关于数据库、Hash 存储、 Hash表

来源：互联网发布：人物设计软件编辑：程序博客网时间：2024/06/05 19:01

1、关于Hash 表

Hash Tables

8.3.1 Direct Address Tables

If we have a collection of n elements whose keys are unique integers in (1,m), where m >= n,
then we can store the items in a direct address table, T[m],
where T_i is either empty or contains one of the elements of our collection.

Searching a direct address table is clearly an O(1) operation:
for a key, k, we access T_k,

if it contains an element, return it,
if it doesn't then return a NULL.

There are two constraints here:

the keys must be unique, and
the range of the key must be severely bounded.

If the keys are not unique, then we can simply construct a set of m lists and store the heads of these lists in the direct address table. The time to find an element matching an input key will still be O(1).

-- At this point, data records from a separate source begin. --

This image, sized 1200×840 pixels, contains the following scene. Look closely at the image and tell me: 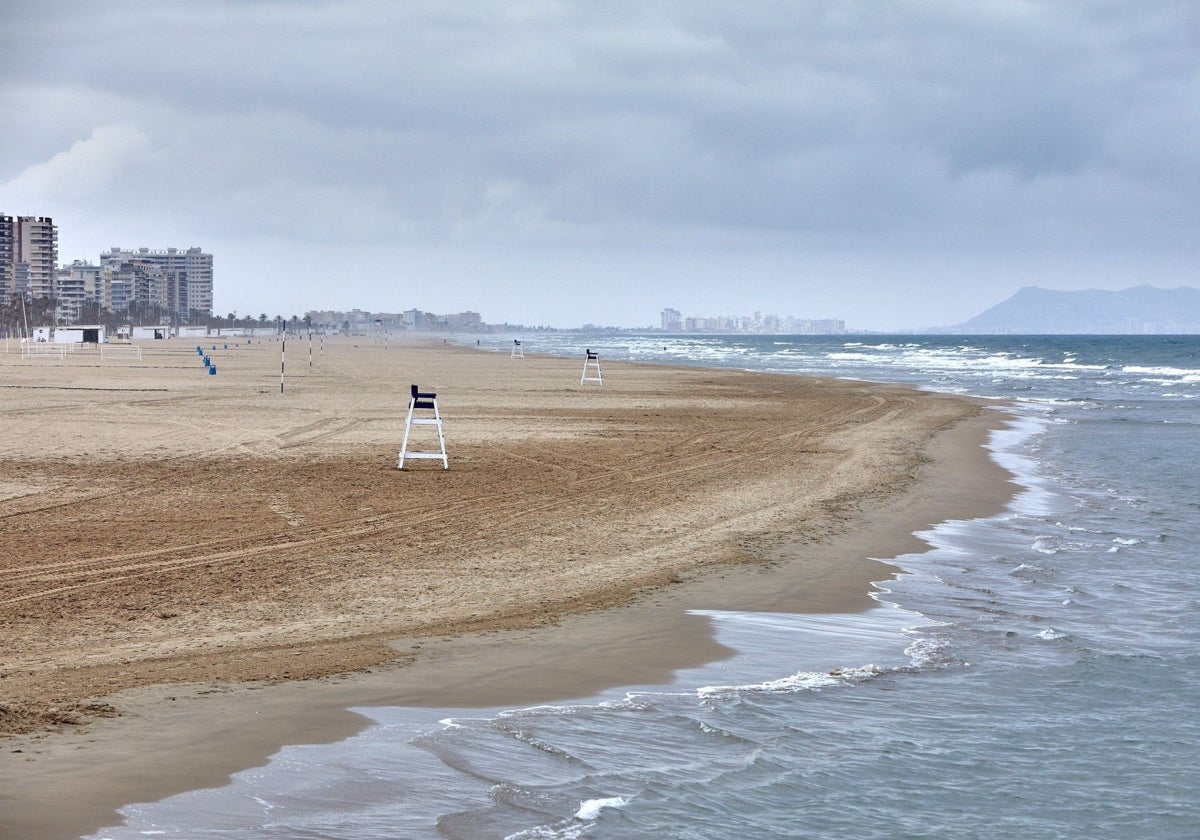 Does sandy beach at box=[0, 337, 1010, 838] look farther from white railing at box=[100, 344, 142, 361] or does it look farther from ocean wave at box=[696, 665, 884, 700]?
white railing at box=[100, 344, 142, 361]

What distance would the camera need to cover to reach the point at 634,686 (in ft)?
25.7

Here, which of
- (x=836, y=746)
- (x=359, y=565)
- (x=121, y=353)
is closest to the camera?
(x=836, y=746)

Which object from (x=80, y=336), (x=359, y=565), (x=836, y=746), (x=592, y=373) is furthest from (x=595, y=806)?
(x=80, y=336)

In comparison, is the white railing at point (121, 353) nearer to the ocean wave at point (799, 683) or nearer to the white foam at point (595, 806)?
the ocean wave at point (799, 683)

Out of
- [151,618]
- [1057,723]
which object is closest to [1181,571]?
[1057,723]

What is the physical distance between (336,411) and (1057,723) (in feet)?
86.5

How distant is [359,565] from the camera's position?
11.4 meters

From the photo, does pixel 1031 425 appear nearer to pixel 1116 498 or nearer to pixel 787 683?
pixel 1116 498

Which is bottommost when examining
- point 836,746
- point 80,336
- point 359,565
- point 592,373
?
point 836,746

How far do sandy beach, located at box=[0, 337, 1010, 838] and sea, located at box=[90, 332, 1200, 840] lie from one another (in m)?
0.43

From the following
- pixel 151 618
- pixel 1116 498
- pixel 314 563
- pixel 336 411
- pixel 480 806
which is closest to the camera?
pixel 480 806

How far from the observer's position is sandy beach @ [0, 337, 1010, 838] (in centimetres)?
673

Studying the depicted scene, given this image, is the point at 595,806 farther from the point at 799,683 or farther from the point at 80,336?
the point at 80,336

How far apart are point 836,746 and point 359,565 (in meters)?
5.93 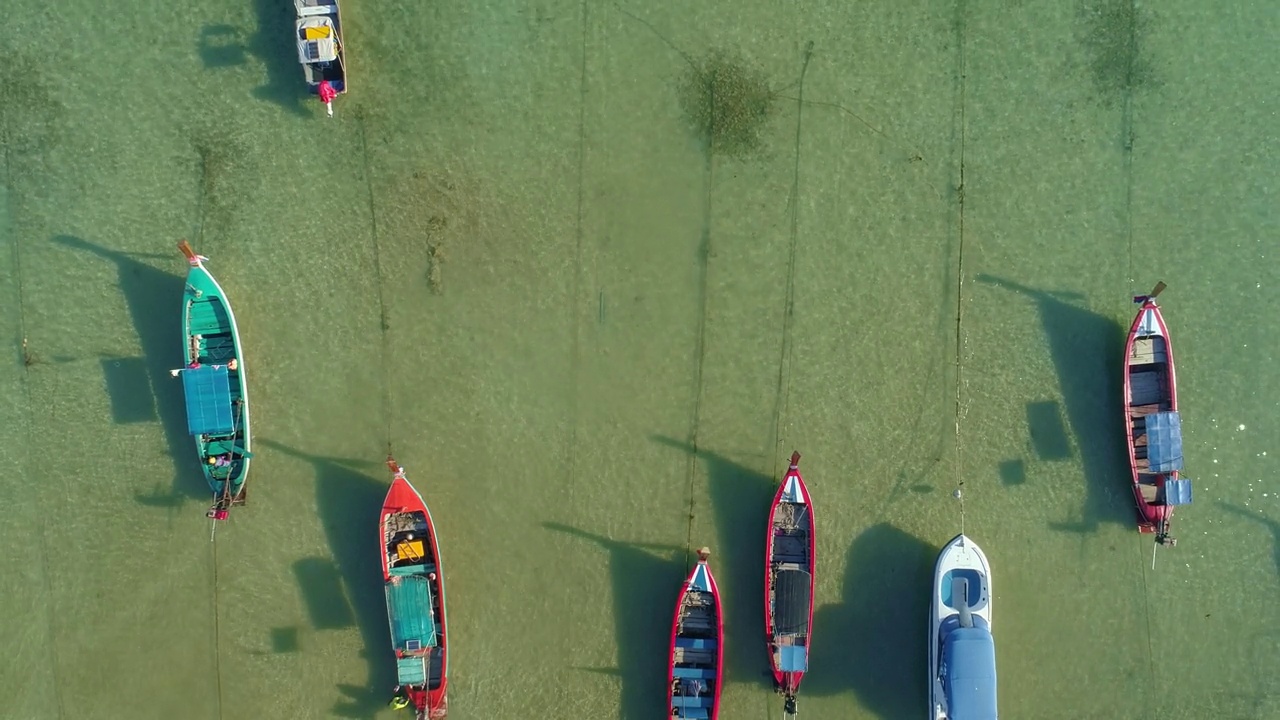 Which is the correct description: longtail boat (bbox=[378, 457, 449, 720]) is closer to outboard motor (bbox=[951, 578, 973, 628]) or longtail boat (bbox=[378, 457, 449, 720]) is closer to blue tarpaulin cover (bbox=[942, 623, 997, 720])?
blue tarpaulin cover (bbox=[942, 623, 997, 720])

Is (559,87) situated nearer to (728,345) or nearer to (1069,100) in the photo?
(728,345)

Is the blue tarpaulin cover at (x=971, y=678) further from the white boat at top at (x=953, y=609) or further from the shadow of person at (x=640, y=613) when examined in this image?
the shadow of person at (x=640, y=613)

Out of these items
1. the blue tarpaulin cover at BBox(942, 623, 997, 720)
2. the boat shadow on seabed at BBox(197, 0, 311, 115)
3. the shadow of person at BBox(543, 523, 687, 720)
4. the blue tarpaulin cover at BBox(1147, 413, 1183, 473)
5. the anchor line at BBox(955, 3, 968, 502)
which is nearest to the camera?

However, if each element of the collection has some other distinguishing feature (other than its key), and if the maximum number of duplicates is n_dup^max, then searching for a specific element is O(n_dup^max). If duplicates are the exception rather than the rule, then n_dup^max is much smaller than n and a direct address table will provide good performance. But if n_dup^max approaches n, then the time to find a specific element is O(n) and a tree structure will be more efficient.

The range of the key determines the size of the direct address table and may be too large to be practical. For instance it's not likely that you'll be able to use a direct address table to store elements which have arbitrary 32-bit integers as their keys for a few years yet!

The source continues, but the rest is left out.